◆ ASSIGNED TASK: Beginning at the line containing "Tempra Dayglo Florescent - RED - 1 Gallon", repeat each line below exactly up to and including the line containing "Ventre de porc". Do not repeat the pictures.

*** RECORDS SUPPLIED

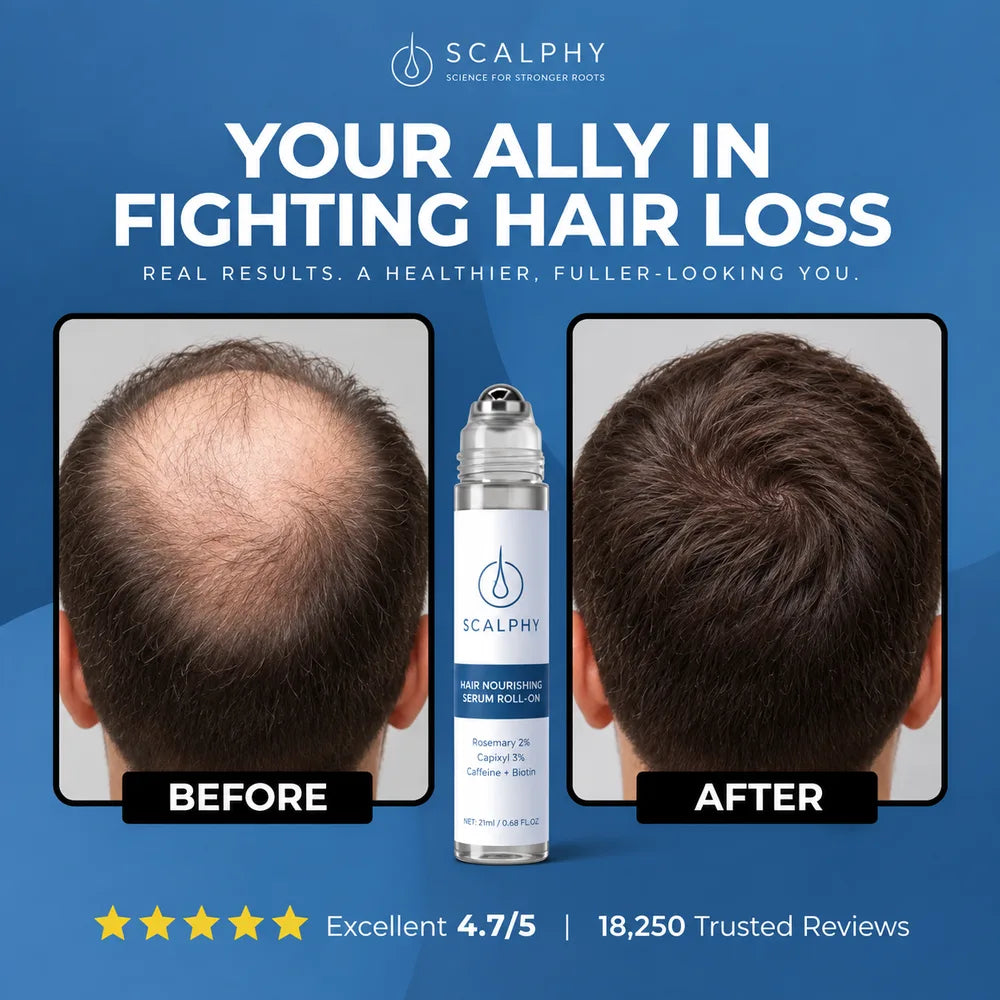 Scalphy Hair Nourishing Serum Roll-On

******
*** RECORDS SUPPLIED

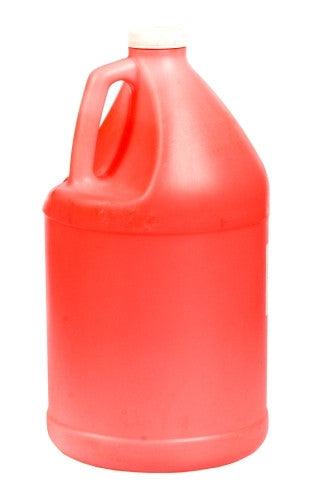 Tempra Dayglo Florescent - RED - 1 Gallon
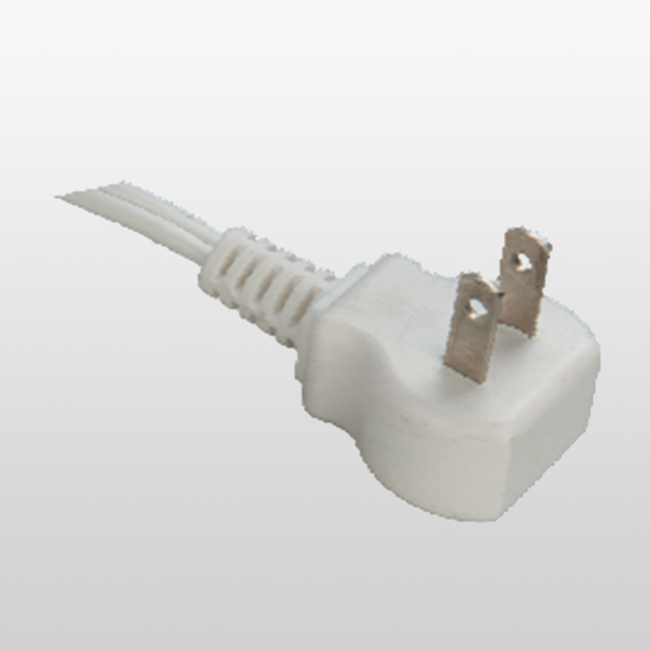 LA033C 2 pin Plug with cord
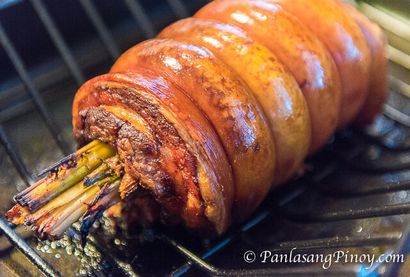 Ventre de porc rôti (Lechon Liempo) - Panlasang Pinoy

******

◆ COMPLETED TASK:
 Tempra Dayglo Florescent - RED - 1 Gallon
 LA033C 2 pin Plug with cord
 Ventre de porc rôti (Lechon Liempo) - Panlasang Pinoy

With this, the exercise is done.